Short descriptive text snippets
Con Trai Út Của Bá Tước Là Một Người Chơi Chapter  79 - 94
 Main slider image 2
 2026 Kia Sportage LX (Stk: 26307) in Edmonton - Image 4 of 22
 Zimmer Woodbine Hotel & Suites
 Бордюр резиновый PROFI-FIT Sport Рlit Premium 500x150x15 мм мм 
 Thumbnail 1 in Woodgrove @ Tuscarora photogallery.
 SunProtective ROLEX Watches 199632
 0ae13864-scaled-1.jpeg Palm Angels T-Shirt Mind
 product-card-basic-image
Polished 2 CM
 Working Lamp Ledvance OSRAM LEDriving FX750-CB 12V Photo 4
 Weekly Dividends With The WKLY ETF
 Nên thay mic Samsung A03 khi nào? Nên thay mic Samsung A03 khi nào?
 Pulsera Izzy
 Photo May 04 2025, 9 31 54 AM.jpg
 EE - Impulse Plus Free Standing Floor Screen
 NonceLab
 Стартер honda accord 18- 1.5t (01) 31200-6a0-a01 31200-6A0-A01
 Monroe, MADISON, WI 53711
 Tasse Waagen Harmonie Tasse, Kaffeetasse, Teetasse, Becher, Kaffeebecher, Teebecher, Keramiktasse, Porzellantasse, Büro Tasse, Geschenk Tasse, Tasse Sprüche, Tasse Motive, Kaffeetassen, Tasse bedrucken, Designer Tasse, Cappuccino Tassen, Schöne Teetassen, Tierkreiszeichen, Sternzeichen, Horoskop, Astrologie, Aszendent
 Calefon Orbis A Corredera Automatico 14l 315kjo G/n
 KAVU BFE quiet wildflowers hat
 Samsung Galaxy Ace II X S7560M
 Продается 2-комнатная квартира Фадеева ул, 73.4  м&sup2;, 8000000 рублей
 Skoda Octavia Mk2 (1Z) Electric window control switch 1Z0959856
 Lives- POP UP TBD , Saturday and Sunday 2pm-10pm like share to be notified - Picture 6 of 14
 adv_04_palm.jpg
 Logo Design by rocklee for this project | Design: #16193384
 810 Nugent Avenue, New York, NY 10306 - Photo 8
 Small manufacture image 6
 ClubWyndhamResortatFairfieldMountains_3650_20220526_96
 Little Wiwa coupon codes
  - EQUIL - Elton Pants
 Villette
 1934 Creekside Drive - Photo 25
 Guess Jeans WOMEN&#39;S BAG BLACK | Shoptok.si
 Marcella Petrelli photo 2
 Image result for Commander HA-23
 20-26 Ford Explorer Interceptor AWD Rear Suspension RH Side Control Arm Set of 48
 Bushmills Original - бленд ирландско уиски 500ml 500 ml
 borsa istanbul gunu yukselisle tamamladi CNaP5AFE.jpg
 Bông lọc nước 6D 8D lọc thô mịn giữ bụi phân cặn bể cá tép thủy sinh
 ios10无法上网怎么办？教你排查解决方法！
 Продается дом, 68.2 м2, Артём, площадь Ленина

→ **THE TASK**
What is wanted is every line from the first line of the entries through the line that contains "Стартер honda accord", given again exactly.

→ **RESPONSE TO THE TASK**
Con Trai Út Của Bá Tước Là Một Người Chơi Chapter  79 - 94
 Main slider image 2
 2026 Kia Sportage LX (Stk: 26307) in Edmonton - Image 4 of 22
 Zimmer Woodbine Hotel & Suites
 Бордюр резиновый PROFI-FIT Sport Рlit Premium 500x150x15 мм мм 
 Thumbnail 1 in Woodgrove @ Tuscarora photogallery.
 SunProtective ROLEX Watches 199632
 0ae13864-scaled-1.jpeg Palm Angels T-Shirt Mind
 product-card-basic-image
Polished 2 CM
 Working Lamp Ledvance OSRAM LEDriving FX750-CB 12V Photo 4
 Weekly Dividends With The WKLY ETF
 Nên thay mic Samsung A03 khi nào? Nên thay mic Samsung A03 khi nào?
 Pulsera Izzy
 Photo May 04 2025, 9 31 54 AM.jpg
 EE - Impulse Plus Free Standing Floor Screen
 NonceLab
 Стартер honda accord 18- 1.5t (01) 31200-6a0-a01 31200-6A0-A01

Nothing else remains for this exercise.